§ **TASK GOAL**
Please output exactly the part of the records below that opens with the line containing "How to Change" and closes with the line containing "Wide-Leg Jeans", both lines included, and nothing else.

§ **THE DATA**
== Segment start ==
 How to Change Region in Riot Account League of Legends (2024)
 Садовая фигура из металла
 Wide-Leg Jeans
== Segment end ==
== Segment start ==
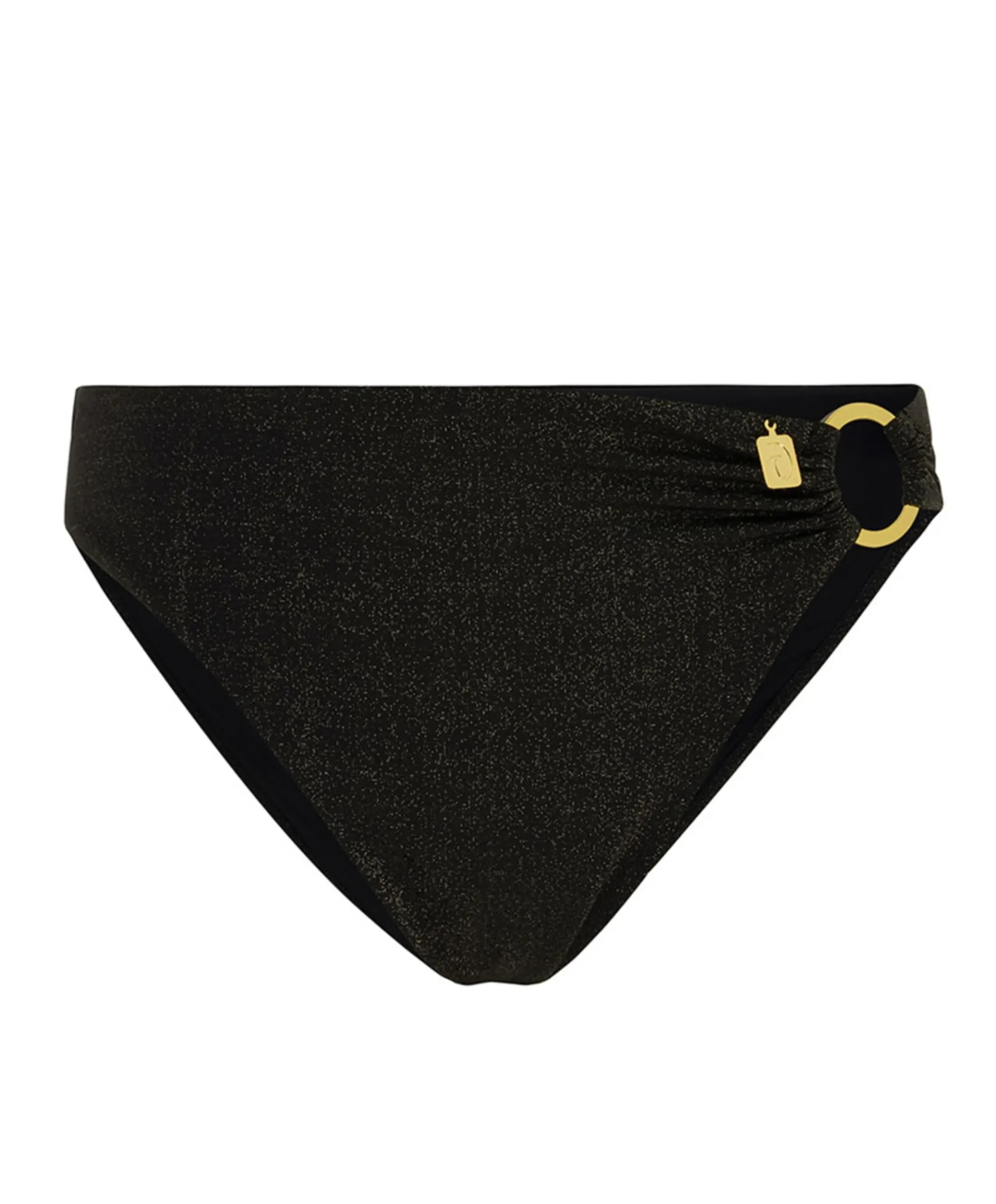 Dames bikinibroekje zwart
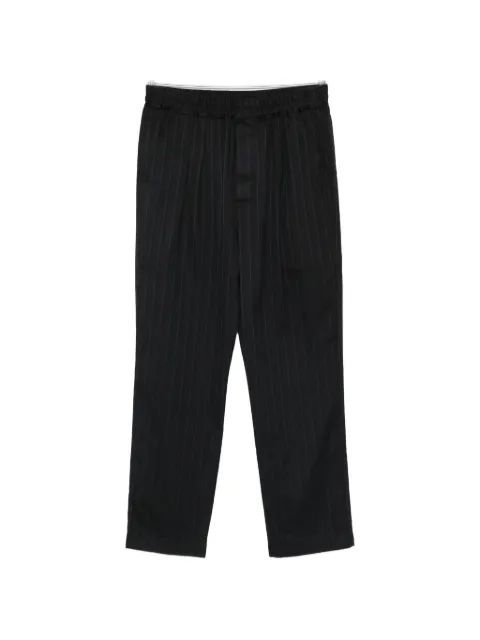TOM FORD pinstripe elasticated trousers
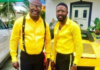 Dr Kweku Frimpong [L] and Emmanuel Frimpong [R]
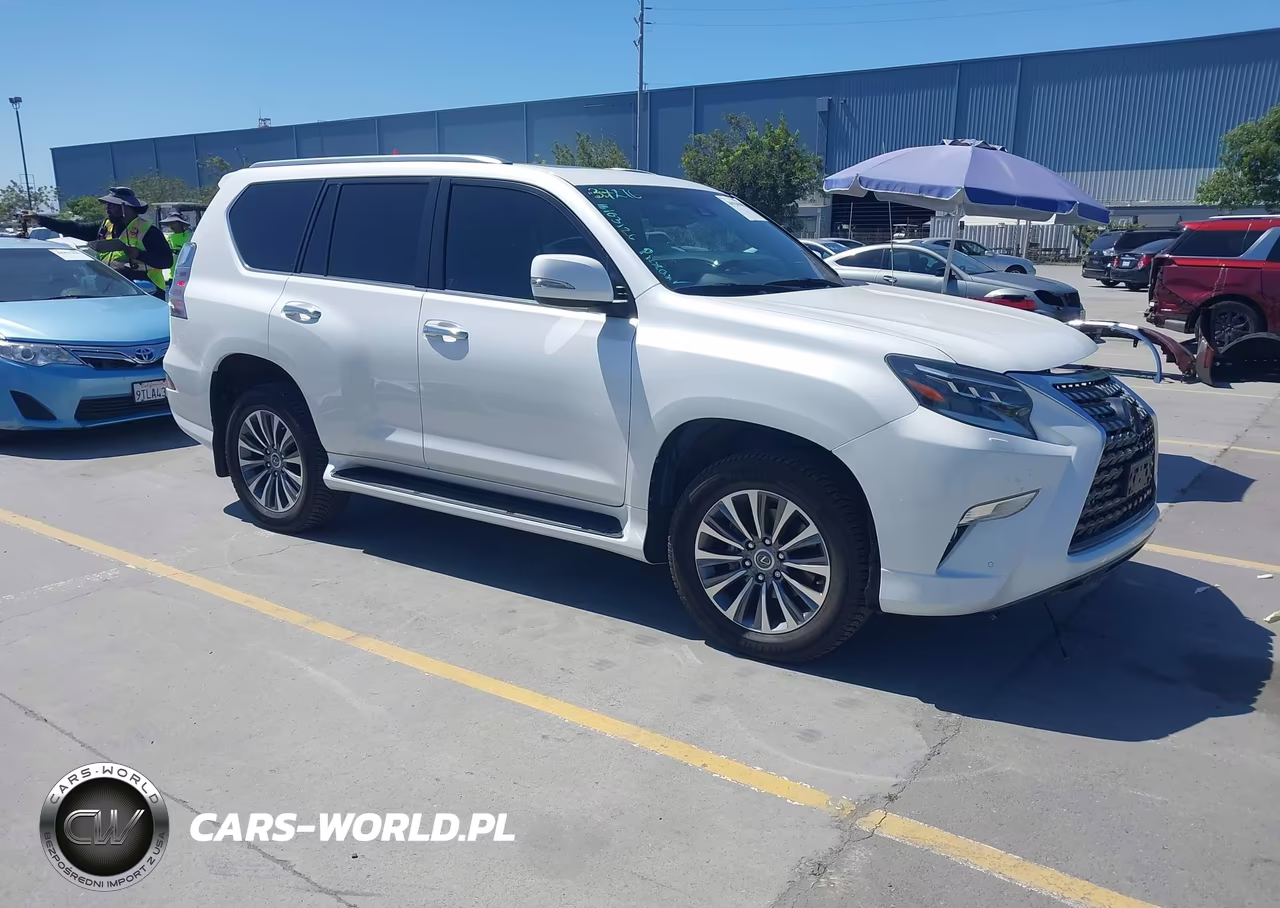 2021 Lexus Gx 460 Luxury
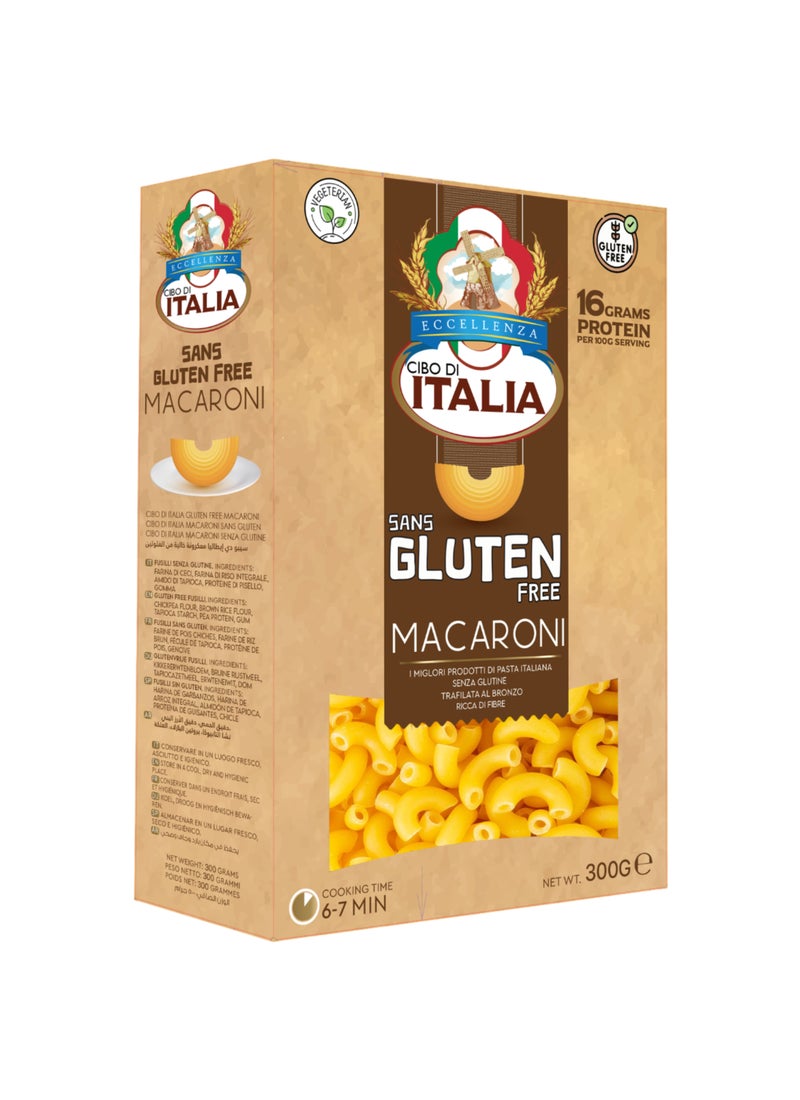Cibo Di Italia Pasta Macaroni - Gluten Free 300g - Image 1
== Segment end ==
§ **ANSWER SECTION**
 How to Change Region in Riot Account League of Legends (2024)
 Садовая фигура из металла
 Wide-Leg Jeans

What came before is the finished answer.